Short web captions
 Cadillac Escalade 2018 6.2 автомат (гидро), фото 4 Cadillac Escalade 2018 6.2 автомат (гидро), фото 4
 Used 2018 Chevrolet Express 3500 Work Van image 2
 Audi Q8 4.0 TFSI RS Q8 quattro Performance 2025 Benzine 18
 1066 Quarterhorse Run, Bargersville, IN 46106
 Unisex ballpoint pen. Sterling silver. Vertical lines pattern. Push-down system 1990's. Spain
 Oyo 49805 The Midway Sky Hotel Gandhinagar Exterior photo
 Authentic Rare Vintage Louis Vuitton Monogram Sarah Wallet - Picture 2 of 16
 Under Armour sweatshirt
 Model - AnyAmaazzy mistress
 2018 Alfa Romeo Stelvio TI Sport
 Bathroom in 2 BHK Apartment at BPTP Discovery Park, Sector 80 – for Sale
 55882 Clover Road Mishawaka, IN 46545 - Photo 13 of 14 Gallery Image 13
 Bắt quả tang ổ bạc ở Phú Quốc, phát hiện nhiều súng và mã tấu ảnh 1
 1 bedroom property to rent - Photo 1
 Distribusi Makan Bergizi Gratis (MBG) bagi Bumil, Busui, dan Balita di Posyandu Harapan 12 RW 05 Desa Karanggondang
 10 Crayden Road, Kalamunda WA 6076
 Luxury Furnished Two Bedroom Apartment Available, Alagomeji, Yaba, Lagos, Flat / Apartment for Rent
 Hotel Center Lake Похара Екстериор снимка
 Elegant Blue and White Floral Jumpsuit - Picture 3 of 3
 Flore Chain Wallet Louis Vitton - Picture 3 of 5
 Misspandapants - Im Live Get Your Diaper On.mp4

(Exercise aim) Given the records above, restate word for word only the lines starting at the one with "55882 Clover Road" and ending at the one with "Distribusi Makan Bergizi".

(Answer for this exercise)
 55882 Clover Road Mishawaka, IN 46545 - Photo 13 of 14 Gallery Image 13
 Bắt quả tang ổ bạc ở Phú Quốc, phát hiện nhiều súng và mã tấu ảnh 1
 1 bedroom property to rent - Photo 1
 Distribusi Makan Bergizi Gratis (MBG) bagi Bumil, Busui, dan Balita di Posyandu Harapan 12 RW 05 Desa Karanggondang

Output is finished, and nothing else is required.